This article considers the legal basics of getting a small business loan. For this discussion, it will be assumed that the loan is to either start a new business or to buy an existing one. A business loan should also be distinguished from a "line of credit" or an "overdraft", which are generally used to address liquidity issues for an existing business.
While matters such as the loan interest rate, size of the principal and term are essentially commercial questions for the borrower, a small business loan will almost always be more attractive to a lender if it is secured in some way. Accordingly, legal advice is of great assistance to understanding your loan and security obligations.
It is likely that your bank or lending institution will view a business loan used to fund a new business as a somewhat risky venture. Although you may have banked as a consumer with the lender for some period of time, financing a new business creates the possibility that the borrower may be unable to repay the loan (known as "defaulting"). As the probability of the lender being repaid is directly linked to the success (or failure) of the business, you should expect the lender to be very interested in how well you have planned your business and what you will do to cover the possibility that the business may have difficulty repaying. Most business loan applications require detailed information on the business' marketing, expected growth, operating plans and your previous experience in the commercial world.

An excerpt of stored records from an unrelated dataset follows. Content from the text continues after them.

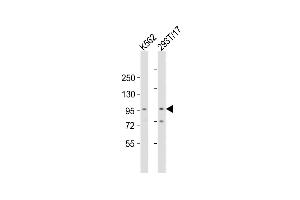 All lanes : Anti-Rai17 Antibody  at 1:2000 dilution Lane 1: K562 whole cell lysates Lane 2: 293T/17 whole cell lysates Lysates/proteins at 20 μg per lane. (ZMIZ1 antibody  (C-Term))
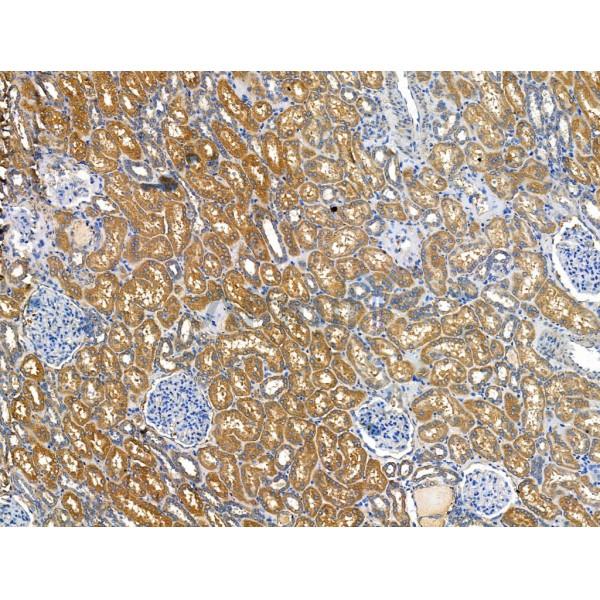 Frizzled 4 Antibody - DF13439 at 1/100 staining Human kidney cancer and adjacent normal tissues by IHC-P.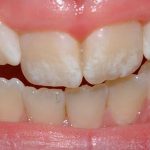 Fluorose dentária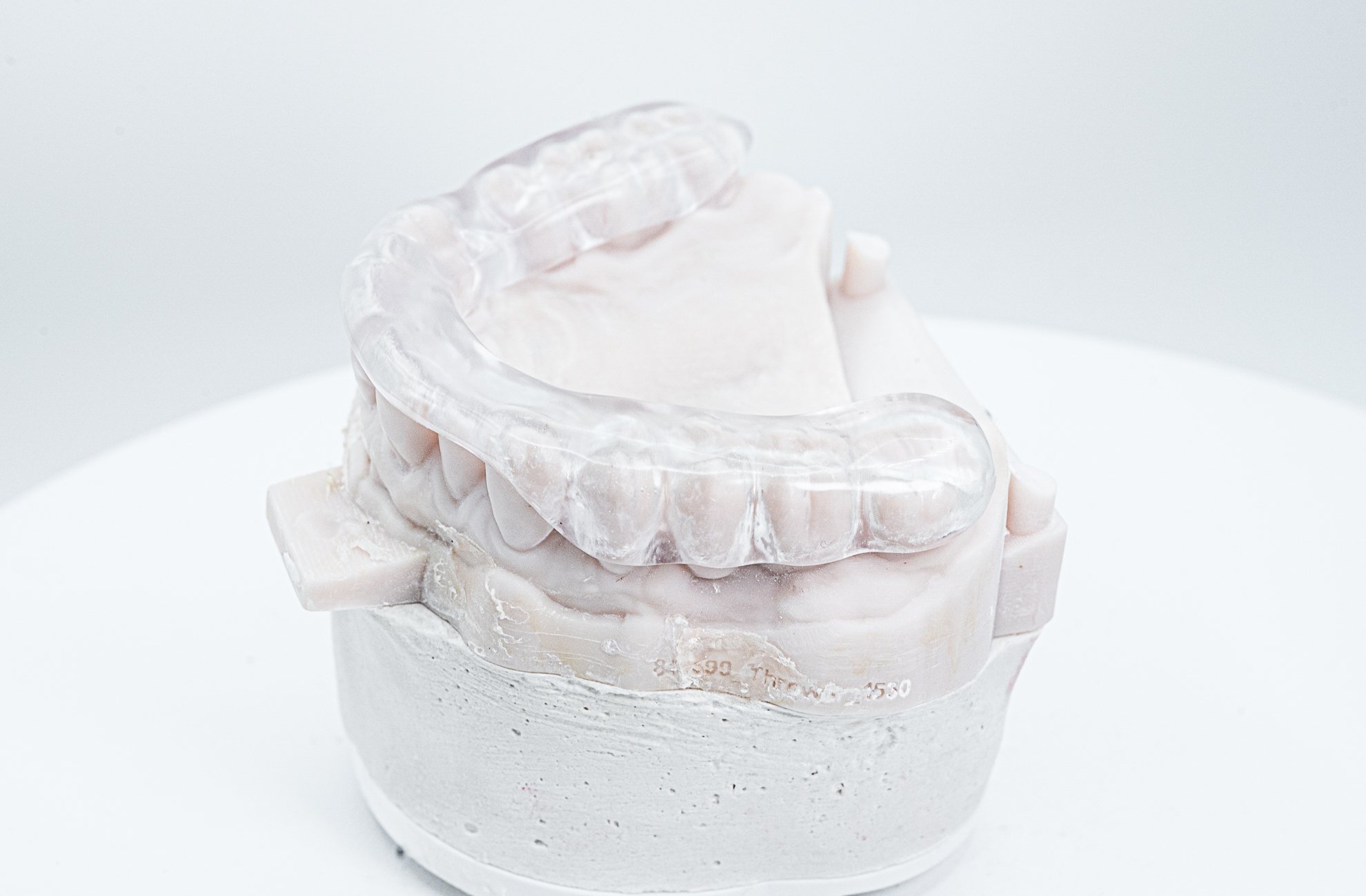 CLEARsplint Gallery (5)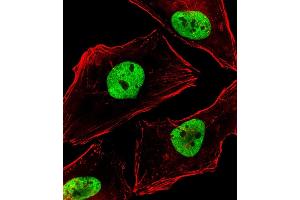 Immunofluorescent analysis of 4 % paraformaldehyde-fixed, 0. (BCL9 antibody  (AA 272-304))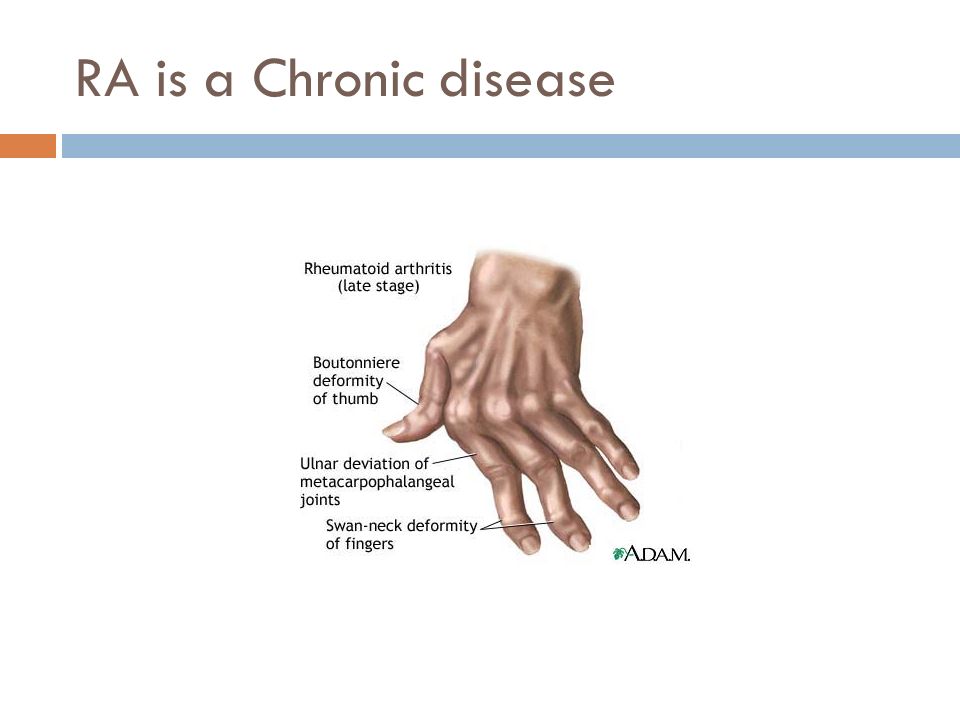 RA is a Chronic disease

It is therefore important to have considered many basic questions regarding business structuring before applying for finance. As the business operates in a separate way to your ordinary finances, many new business owners choose to establish a company to trade through. This is not essential, but does (at the very least) help to reinforce the separate legal status of the business. A lawyer will also be able to advise on other alternative structures (such as a partnership or corporate trust). This is not to say that operating as a sole trader is undesirable in the lender's view, but it is important to demonstrate that you have considered how the business will be constituted.
Security for the Loan
"Security" refers to assets (or monies) that the lender can use to secure the borrower's obligations under the loan. Again, the form of security the lender may require can vary depending on the business' structure, but may include:
- For a sole trader, requiring the borrower to mortgage an existing asset (such as the family home); or
- For a company, giving the lender a bill of sale or a fixed and/or floating charge over the company's assets (together with personal guarantees given by the company director(s)).
It is vital to get a solid legal understanding of exactly what security interest the lender is acquiring under the loan. For example, a fixed charge may permit the lender to sell a particular asset if the borrower defaults on the loan (even if the sale of that asset would prove disastrous for the business). Alternatively, if the business mainly has trading stock (such as goods or supplies), a floating charge may achieve the same result.

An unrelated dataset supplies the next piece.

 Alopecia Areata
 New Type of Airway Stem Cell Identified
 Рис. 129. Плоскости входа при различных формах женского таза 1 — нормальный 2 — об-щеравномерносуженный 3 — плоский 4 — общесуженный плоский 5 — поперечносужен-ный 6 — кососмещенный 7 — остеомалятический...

Once the lender has approved the loan, it will draw up documentation consisting of:
- The loan schedule (or terms sheet), which will outline the commercial details of the loan (such as the interest rate, term and key dates);
- The lender's standard terms and conditions (which will likely not be negotiable when dealing with a large lending institution); and
- Any relevant security the lender is taking, together with legal documentation necessary to give effect to the security.
Although the success of the business is up to you, it pays to be careful when considering a business loan. Having a lawyer's advice to understand your loan obligations gives you one less thing to worry about, instead letting you focus on getting your business going. Additionally, a lender will typically require a borrower to show that it has obtained independent legal advice if a guarantee is involved (as guarantors have been able to avoid their obligations by demonstrating that they did not understand what they were agreeing to).